Immediately after Choriki made that statement, Doug James, the Moulton Bellingham attorney representing the city, made a $100 financial contribution to Choriki’s election campaign, the brief states. Brent Cromley, another Moulton Bellingham attorney and a former City Council member, contributed $180 to Choriki.
They did not contribute to Choriki’s other political campaigns, nor during the first four months of his City Council campaign, the brief says.
The money, and its timing, “sends a toxic message: when a city council candidate exhorts the city to fund litigation being handled by Moulton Bellingham, the firm’s attorneys will in turn fund the candidate.”
James was away from his office Thursday and unable to comment.
In a separate filing, the city supports Heenan’s intervention in the lawsuit, and contends plaintiffs’ attorney have disclosed confidential information from the proposed settlement.
A proposed settlement
Recently, a mediator assigned to the case proffered a settlement, which both parties are still wrangling over. City officials would like to address residents about the settlement, but because of the weird nature of the lawsuit they are barred from speaking to them about it.
Residents are technically both the plaintiffs and the defendants in the case. State law generally prohibits the parties in a lawsuit from directly addressing each other, partly to prevent the possibility or perception of coercion.
The city petitioned the judge for permission to talk to residents, possibly through a press conference, but recently were denied.
“To allow the city to make public comment on the lawsuit to the media would expose all class members to the communication and could undermine the suit itself,” the judge ruled.
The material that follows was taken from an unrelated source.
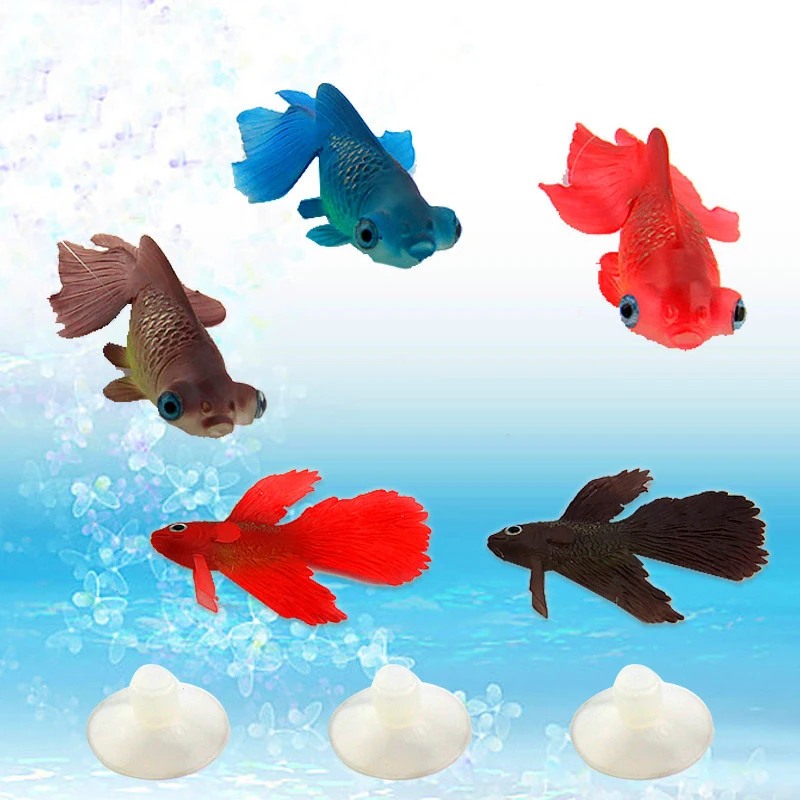 Night Light Simulation Fish Tanks: Eco-Friendly Silicone Color Fish Toy Decor (5 Red Goldfish)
The settlement has an unusual condition that could hold things up. Plaintiffs say they will settle only on the condition the city, or a judge, stipulate that the franchise fees were illegal. Most settlements include a provision allowing the defendant to admit no wrongdoing.
The admission of liability is meant to act as a deterrent to employing such illegal fees in the future, Monforton has said.
In its most recent filing, the city said plaintiffs have presented no evidence to say the class favors “spending additional taxpayer money for a stipulation that is atypical in settlement. Further, the city is no longer collecting the franchise fee at issue, so any declaration or stipulation would not lower the current ratepayers’ future utility bills.”
The city also insists that Monforton’s demand for an acknowledgment of wrongdoing is politically motivated, citing in their brief an earlier comment from the attorney, who in 2015 served as a Republican state legislator.
“Democrats don’t want the city to admit guilt because they want municipalities across Montana to be able to impose these illegal fees,” Monforton said. “ … Democrats want to enact these back-door sales taxes through municipalities so they don’t have to do it though state government.”
Continued litigation “simply makes no sense, but is the path chosen by” Monforton, James concludes for the city in his brief. “For Billings taxpayers and citizens (class members), this is a losing proposition.”